§ Dataset content
___

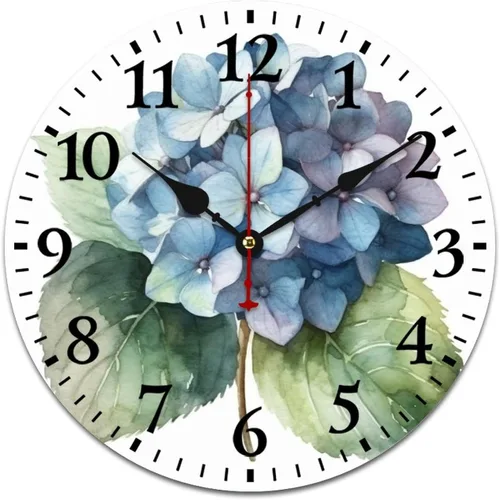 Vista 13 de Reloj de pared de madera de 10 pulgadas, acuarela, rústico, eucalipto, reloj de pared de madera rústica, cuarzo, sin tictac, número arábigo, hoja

___

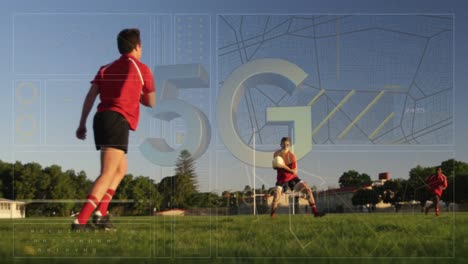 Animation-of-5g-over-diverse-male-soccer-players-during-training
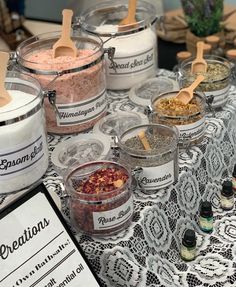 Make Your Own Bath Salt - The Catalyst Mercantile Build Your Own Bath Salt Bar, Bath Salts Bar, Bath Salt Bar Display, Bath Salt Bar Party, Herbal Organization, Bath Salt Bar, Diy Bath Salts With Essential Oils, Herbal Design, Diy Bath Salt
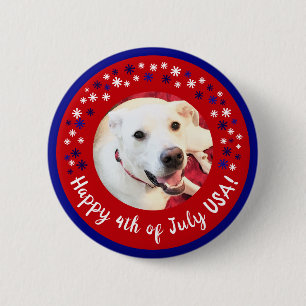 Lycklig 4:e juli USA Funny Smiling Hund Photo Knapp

___

§ Task requirements
Copy out the lines above from the line containing "Make Your Own" through the line containing "Lycklig 4:e juli", exactly, and keep the pictures out.

§ Expected output
 Make Your Own Bath Salt - The Catalyst Mercantile Build Your Own Bath Salt Bar, Bath Salts Bar, Bath Salt Bar Display, Bath Salt Bar Party, Herbal Organization, Bath Salt Bar, Diy Bath Salts With Essential Oils, Herbal Design, Diy Bath Salt
 Lycklig 4:e juli USA Funny Smiling Hund Photo Knapp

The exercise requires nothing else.